Le secteur tertiaire, qui représente 13% des rejets de gaz à effet de
serre, est aussi concerné par cette vaste transition. Bureaux,
administrations, cafés, hôtels, restaurants, commerces et bâtiments de
santé auront aussi un rôle à jouer pour ne plus être dépendants du gaz
(57% de leurs besoins).
Transports, alimentation, forêts… rien n’est oublié
Cette (r)évolution énergétique concerne également les transports,
source de plus de la moitié des émissions de CO2, avec une
diminution par deux du nombre de voitures individuelles, pour passer
à 300 000. Ces véhicules seront occupés en moyenne par deux
occupants contre 1,1 aujourd’hui grâce au développement du
covoiturage, du travail à domicile et du télétravail. La plupart de ces
voitures seront propres, et il sera interdit de circuler le week-end.

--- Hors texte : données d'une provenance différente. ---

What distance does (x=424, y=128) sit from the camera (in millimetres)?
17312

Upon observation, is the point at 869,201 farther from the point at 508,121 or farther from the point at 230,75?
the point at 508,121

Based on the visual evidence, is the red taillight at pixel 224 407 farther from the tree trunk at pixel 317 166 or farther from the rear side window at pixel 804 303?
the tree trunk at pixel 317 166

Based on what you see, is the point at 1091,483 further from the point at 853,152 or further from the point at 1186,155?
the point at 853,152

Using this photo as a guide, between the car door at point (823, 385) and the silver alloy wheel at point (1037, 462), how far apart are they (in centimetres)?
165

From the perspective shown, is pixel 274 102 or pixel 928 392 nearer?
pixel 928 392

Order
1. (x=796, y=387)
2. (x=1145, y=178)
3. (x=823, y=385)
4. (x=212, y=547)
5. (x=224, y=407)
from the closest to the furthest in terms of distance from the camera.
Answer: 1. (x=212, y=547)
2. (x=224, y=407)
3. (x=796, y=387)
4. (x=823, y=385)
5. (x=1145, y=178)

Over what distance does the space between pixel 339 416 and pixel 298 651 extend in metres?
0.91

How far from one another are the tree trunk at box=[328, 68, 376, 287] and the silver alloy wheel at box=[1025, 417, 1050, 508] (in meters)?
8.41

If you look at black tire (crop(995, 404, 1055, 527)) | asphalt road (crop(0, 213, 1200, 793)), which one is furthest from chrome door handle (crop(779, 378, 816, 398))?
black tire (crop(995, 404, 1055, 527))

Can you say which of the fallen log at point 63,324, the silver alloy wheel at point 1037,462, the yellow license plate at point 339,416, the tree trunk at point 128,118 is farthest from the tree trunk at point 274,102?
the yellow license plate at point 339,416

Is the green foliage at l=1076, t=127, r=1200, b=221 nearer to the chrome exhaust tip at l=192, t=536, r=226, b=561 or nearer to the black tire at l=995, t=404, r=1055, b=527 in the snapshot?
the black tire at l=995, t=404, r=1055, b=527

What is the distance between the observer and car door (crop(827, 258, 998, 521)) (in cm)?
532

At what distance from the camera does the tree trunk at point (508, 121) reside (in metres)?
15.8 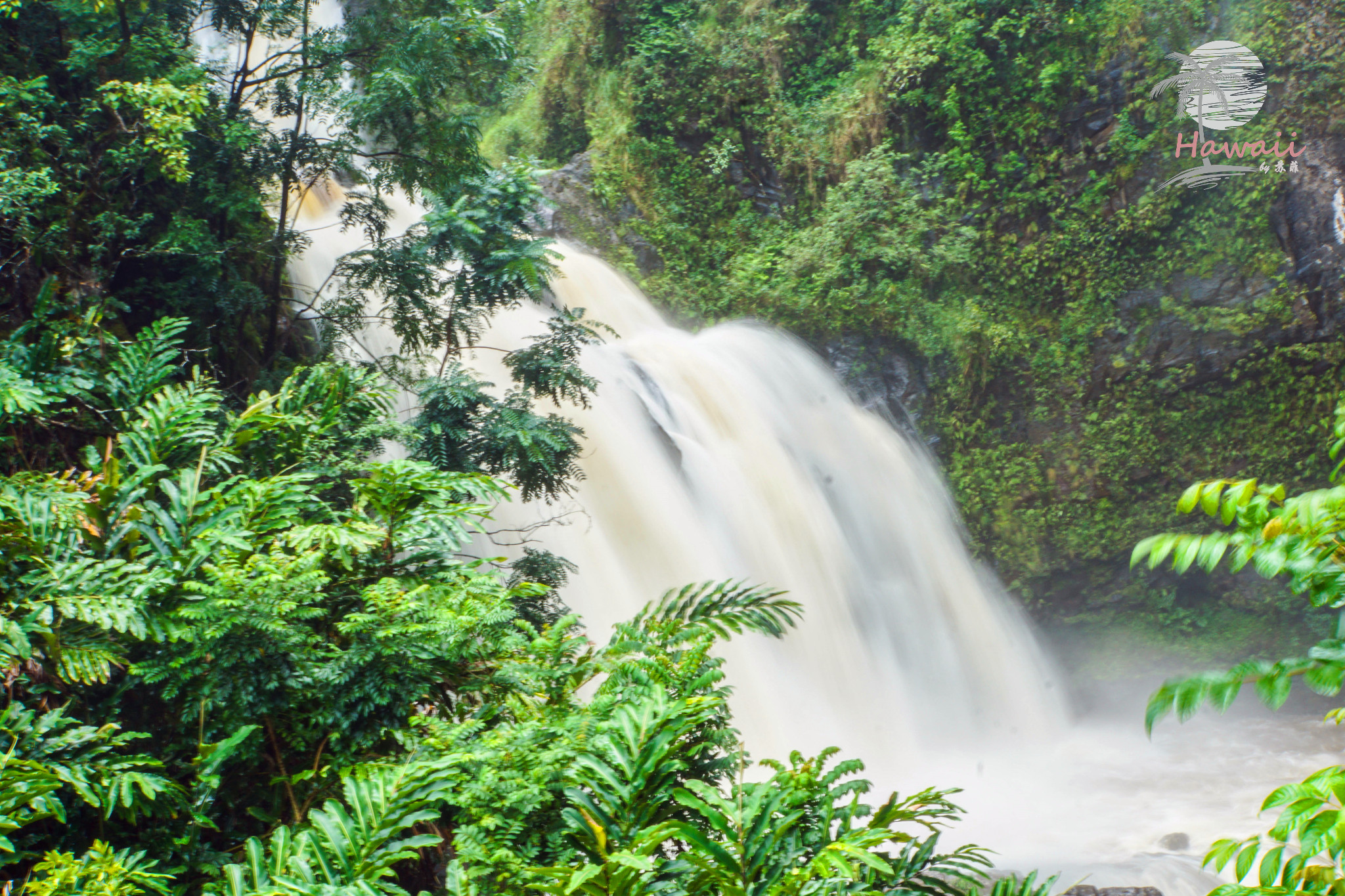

Nos assiettes devraient aussi évoluer avec des menus moins carnés, car
aujourd’hui, l’alimentation est à l’origine d’un cinquième des
émissions de carbone. 150 hectares seront consacrés à
l’agriculture urbaine pour favoriser les circuits courts et l’économie
circulaire. Cela permettra de diminuer de moitié la quantité de déchets
par habitants, passant de 500 à 220 kilos par an.
Même avec tous ces efforts, la neutralité écologique ne pourra être
possible qu’en plantant 10 000 km² de forêts, soit la
superficie de l’Ile-de-France. La faute aux 5 millions de tonnes
d’équivalent CO2 (incompressibles) qui seront rejetées en 2050.
Aujourd’hui, c’est 50 000 km² qu’il faudrait pour compenser
100% des rejets carbonés de la ville de Paris, ce qui représente
500 fois sa taille.
Cette mutation «rationnelle» et «raisonnable» doit s’étaler sur trois
décennies, et le premier test pourrait être la possible organisation
des Jeux olympiques «propres» en 2024. Trente ans, c’est justement le
temps qu’il a fallu pour que Paris s’électrifie et devienne la
ville-lumière dotée de sa fameuse tour Eiffel, éclairée dès 1889.